One thing that punk rock has pioneered is referred to as the DIY ethic. DIY stands for Do It Yourself, and while this can draw images of ill-fated weekend warriors dropping cars on their feet, it's a little different in the context of music. Within music, the DIY ethic stands for self-representation and self-promotion, in lieu of traditional promotion methods. Can't get someone professional to record your demo? Do it yourself! Sell it at local shows and save up for better production for your next release. Nobody is coming to your band's shows? Work with other local bands, or look into opening locally for bigger touring acts.
With the advent of the internet as a source for music retail and information, bands can advertise themselves, sell music and merchandise, and arrange local gigs more easily. Music blogs often highlight smaller, more local acts. Internet retail allows bands that have never played more than a few hundred miles from home to ply their wares globally. Internet-based self-representation has become increasingly viable even for larger bands. Radiohead, Nine Inch Nails, and Pearl Jam have all abandoned their record labels in favor of the internet.

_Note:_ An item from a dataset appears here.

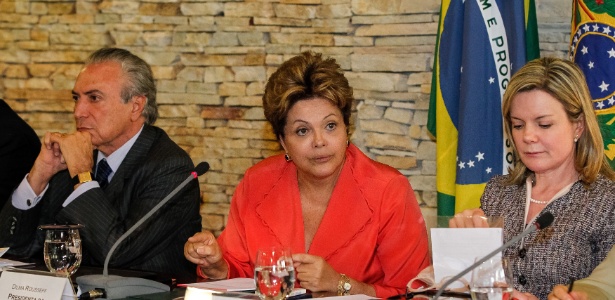 Presidente Dilma Rousseff se reúne com ministros na Granja do Torto, em Brasília - Roberto Stuckert Filho/PR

Also interesting is the increasing number of smaller niche record labels, ranging from Ipecac (metal, punk, hardcore), to Elephant 6 (indie, psychedelic, folk), to ANTI- (reggae, blues, country, experimental), has opened the door for smaller or more musically obscure acts, representing the jump from DIY local shows to better-structured national and international touring. For bands whose music has more specific appeal, this isn't a bad option.